Whether one has loaned money to another, thereby becoming a lender, is a factual determination. The trial court did not find that the Baskes had loaned any money to the Russells; nor did the Russells testify that they thought they had borrowed any money from the Baskes. There is no evidence in this record to sustain the conclusion of the majority that the relationship of borrower and lender existed between the Russells and the Baskes.
(5) The majority put their stamp of approval on deceit and misconduct. It is conceded that the Russells and Mrs. Henderson entered into an illegal transaction, in that the Russells knowingly executed a note and mortgage to Mrs. Henderson for which she gave no consideration. In furtherance of their deceptive conduct, the mortgage was recorded so that it gave notice to the world that Mrs. Henderson was the owner of a second mortgage on the Russells' property. To accomplish their fraudulent design, they then offered to sell the note and mortgage through their broker, Stevens-Norton, Inc., at a 6 per cent discount. The Baskes were not aware of this subterfuge, and were innocent purchasers for value.
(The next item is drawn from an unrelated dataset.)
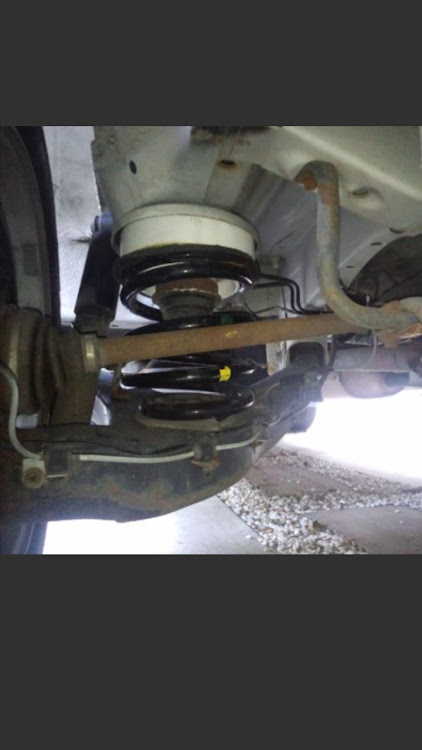 ハイエースグランドキャビン アライメント調整作業グーネットピット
The majority state: "The net amount made available to the defendant [Russell] was $4,750. After the defendant had repaid $550 of this amount, he defaulted." The court awarded judgment against the Russells in the sum of $1,808. Therefore, the Russells were unjustly enriched, as a result of their own misconduct, in the amount of $2,392.
It has never been the policy of this court to reward dishonesty and penalize the victim. Scroggin v. Worthy, 51 Wn.2d 119, 316 P.2d 480 (1957); Wooddy v. Benton Water Co., 54 Wn. 124, 102 P. 1054 (1909).
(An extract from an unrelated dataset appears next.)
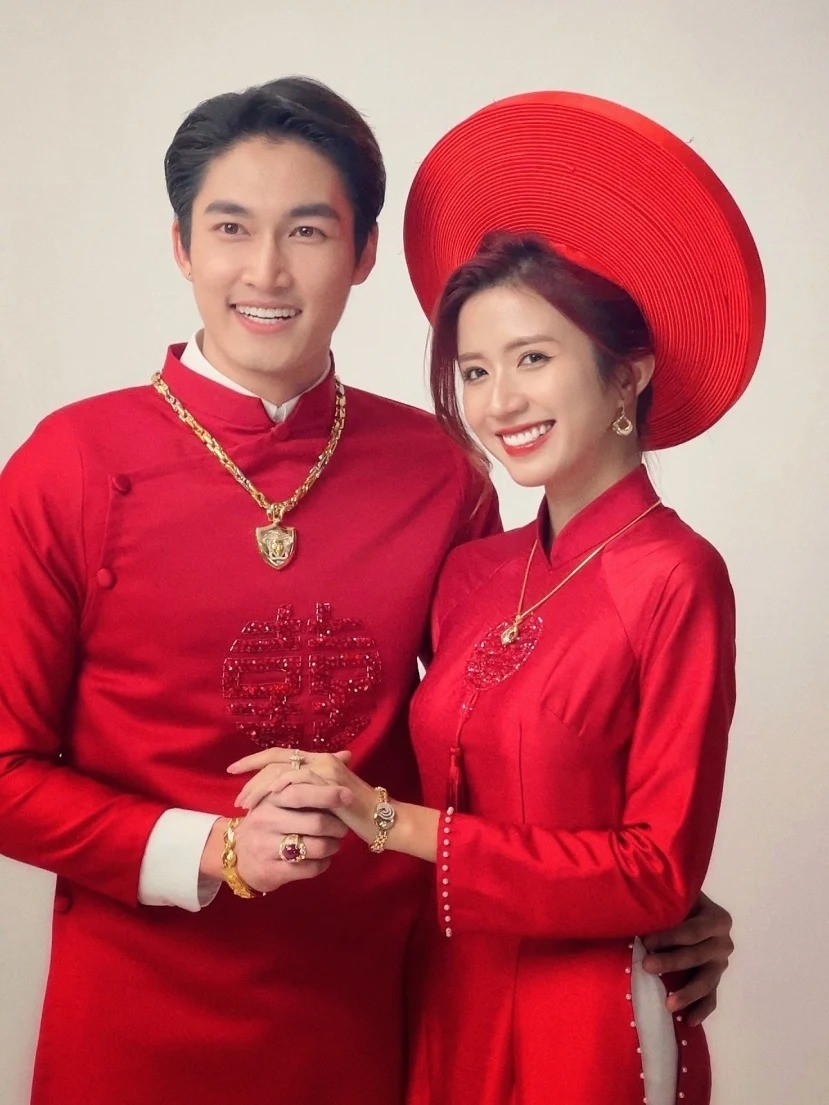 Sao Việt 22/4: Hari Won tiết lộ tình trạng cay đắng phải đối diện, Đình Tú bất ngờ tuyên bố cuối năm kết hôn - Ảnh 3 Sao Việt 22/4: Hari Won tiết lộ tình trạng cay đắng phải đối diện, Đình Tú bất ngờ tuyên bố cuối năm kết hôn - Ảnh 3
I agree with the majority that the commission charged by Stevens-Norton, Inc., is an unconscionable fee. However, regulation of these investment brokers is a legislative matter. If the Russells and Mrs. Henderson were over-reached by their agent, they have a cause of action against Stevens-Norton, Inc.
For the reasons stated, the judgment of the trial court should be reversed.
HILL, WEAVER, and HUNTER, JJ., concur in the result of the dissent.